A few cases of calendrical and nomenclatural confusion, hipy papy
A celebration of what?
It has been confusing, throughout 2024, to see several surrealists rallying to official celebrations, even state-run celebrations and celebrations that claim that this year represents the centennial of surrealism.
A centenarian is allowed some confusion, and it’s probably not polite to question its age or its identity at the party. Cake is earned by survival, and it’s not true that the elderly have a less sweet tooth than children. For some, politeness extends to nodding and accepting any doddering, but it would be overeager to actually start revising one’s general concepts to adapt to whatever is being said, wouldn’t it?

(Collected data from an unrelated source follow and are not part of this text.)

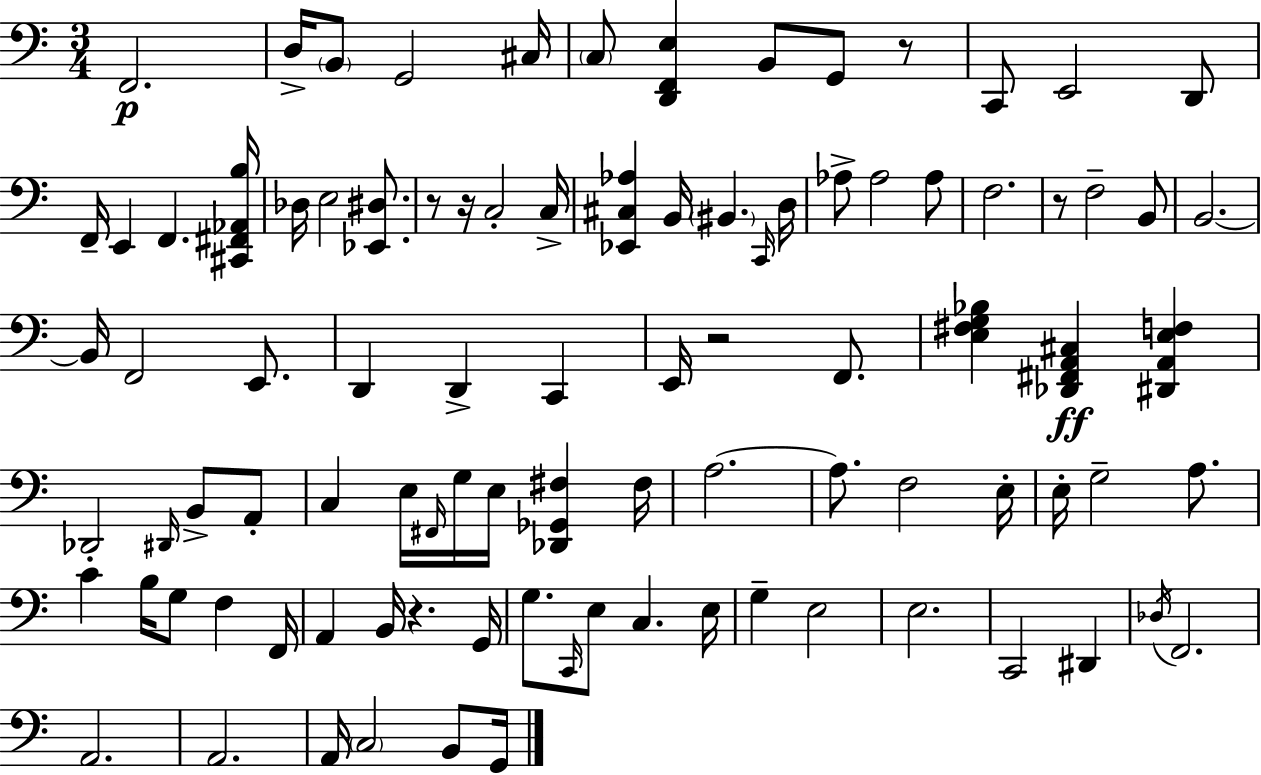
X:1
T:Untitled
M:3/4
L:1/4
K:Am
F,,2 D,/4 B,,/2 G,,2 ^C,/4 C,/2 [D,,F,,E,] B,,/2 G,,/2 z/2 C,,/2 E,,2 D,,/2 F,,/4 E,, F,, [^C,,^F,,_A,,B,]/4 _D,/4 E,2 [_E,,^D,]/2 z/2 z/4 C,2 C,/4 [_E,,^C,_A,] B,,/4 ^B,, C,,/4 D,/4 _A,/2 _A,2 _A,/2 F,2 z/2 F,2 B,,/2 B,,2 B,,/4 F,,2 E,,/2 D,, D,, C,, E,,/4 z2 F,,/2 [E,^F,G,_B,] [_D,,^F,,A,,^C,] [^D,,A,,E,F,] _D,,2 ^D,,/4 B,,/2 A,,/2 C, E,/4 ^F,,/4 G,/4 E,/4 [_D,,_G,,^F,] ^F,/4 A,2 A,/2 F,2 E,/4 E,/4 G,2 A,/2 C B,/4 G,/2 F, F,,/4 A,, B,,/4 z G,,/4 G,/2 C,,/4 E,/2 C, E,/4 G, E,2 E,2 C,,2 ^D,, _D,/4 F,,2 A,,2 A,,2 A,,/4 C,2 B,,/2 G,,/4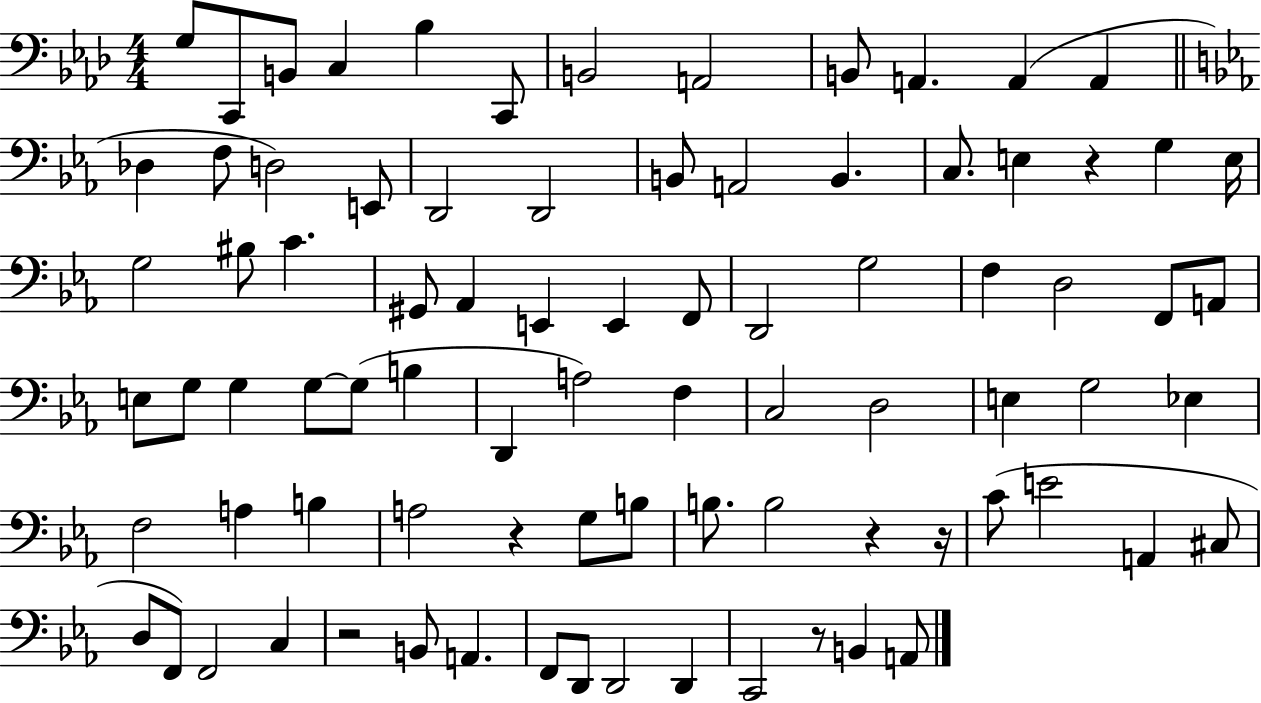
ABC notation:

X:1
T:Untitled
M:4/4
L:1/4
K:Ab
G,/2 C,,/2 B,,/2 C, _B, C,,/2 B,,2 A,,2 B,,/2 A,, A,, A,, _D, F,/2 D,2 E,,/2 D,,2 D,,2 B,,/2 A,,2 B,, C,/2 E, z G, E,/4 G,2 ^B,/2 C ^G,,/2 _A,, E,, E,, F,,/2 D,,2 G,2 F, D,2 F,,/2 A,,/2 E,/2 G,/2 G, G,/2 G,/2 B, D,, A,2 F, C,2 D,2 E, G,2 _E, F,2 A, B, A,2 z G,/2 B,/2 B,/2 B,2 z z/4 C/2 E2 A,, ^C,/2 D,/2 F,,/2 F,,2 C, z2 B,,/2 A,, F,,/2 D,,/2 D,,2 D,, C,,2 z/2 B,, A,,/2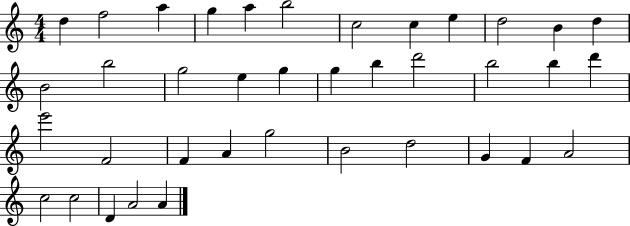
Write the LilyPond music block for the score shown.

{
  \clef treble
  \numericTimeSignature
  \time 4/4
  \key c \major
  d''4 f''2 a''4 | g''4 a''4 b''2 | c''2 c''4 e''4 | d''2 b'4 d''4 | \break b'2 b''2 | g''2 e''4 g''4 | g''4 b''4 d'''2 | b''2 b''4 d'''4 | \break e'''2 f'2 | f'4 a'4 g''2 | b'2 d''2 | g'4 f'4 a'2 | \break c''2 c''2 | d'4 a'2 a'4 | \bar "|."
}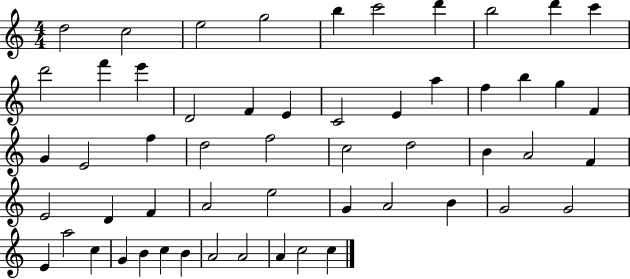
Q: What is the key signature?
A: C major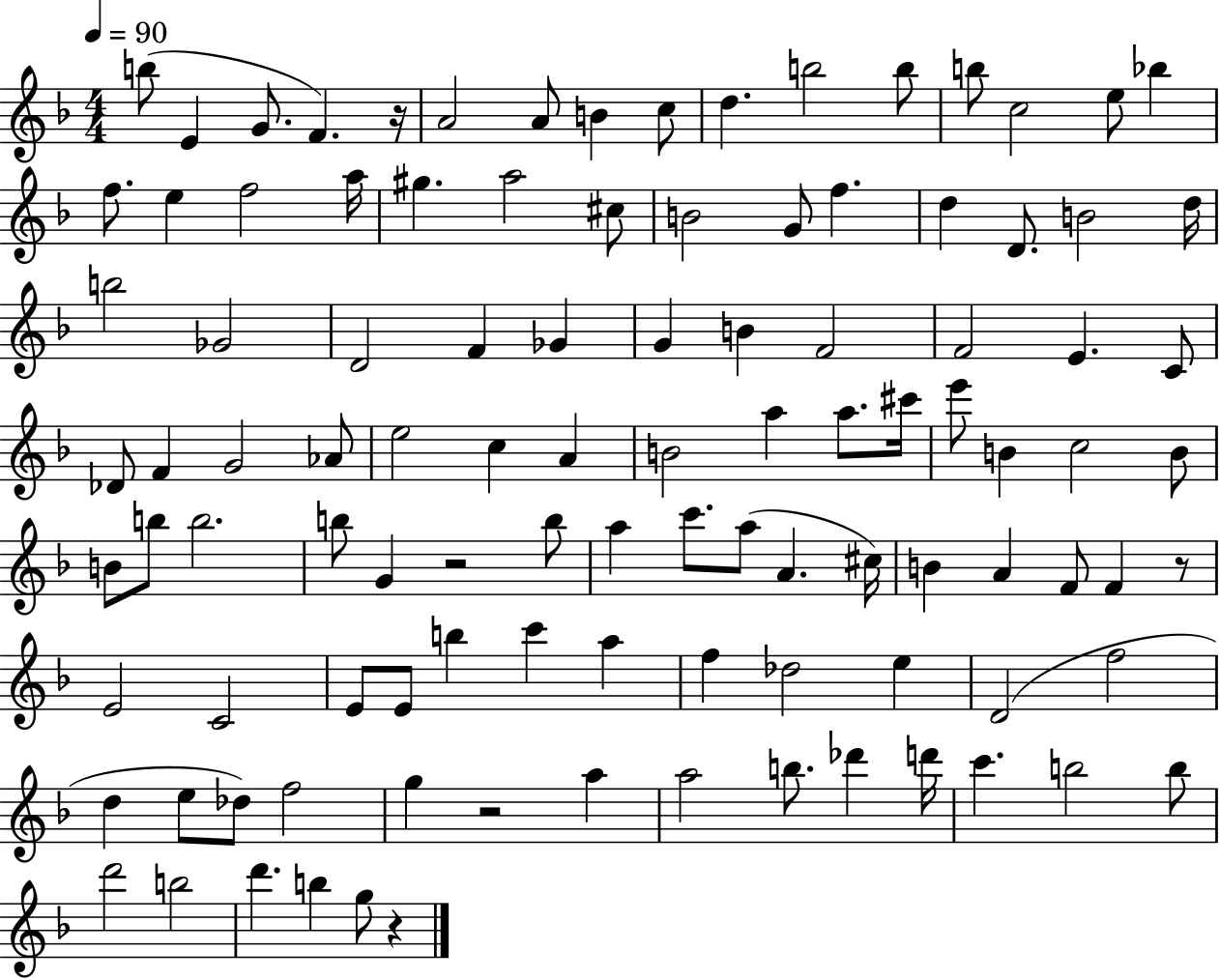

To begin with, an official celebration is at best an ambiguous opportunity, and for a radical idea usually mainly a hostile act. This is wellknown. With agents of all colours peacefully joining in and paying hommage to a historical phenomenon which they are all free to define as they like and thus reduce to whatever is specifically useful for them personally or professionally, this clearly includes not just a wateringdown and a disarming but also a strong claim that surrealism is historically finished, that the packaging and interpretation of it into official history is up for grabs, so that curators with a salary, eager academics, merchants and entrepeneurs, and early career artists all have equal authority on the topic and then any angry activists can be safely ignored along with the predictable cynical old radicals. A celebration of surrealism might possibly be an opportunity for exposing surrealist images, texts and anecdotes, and it might be great fun for professionals who honestly enjoy surrealist works, but it is always an attempted murder on surrealist activity, surrealist experience and surrealist autonomy. Whatever recognition surrealism is granted, it does not include the right to speak for itself.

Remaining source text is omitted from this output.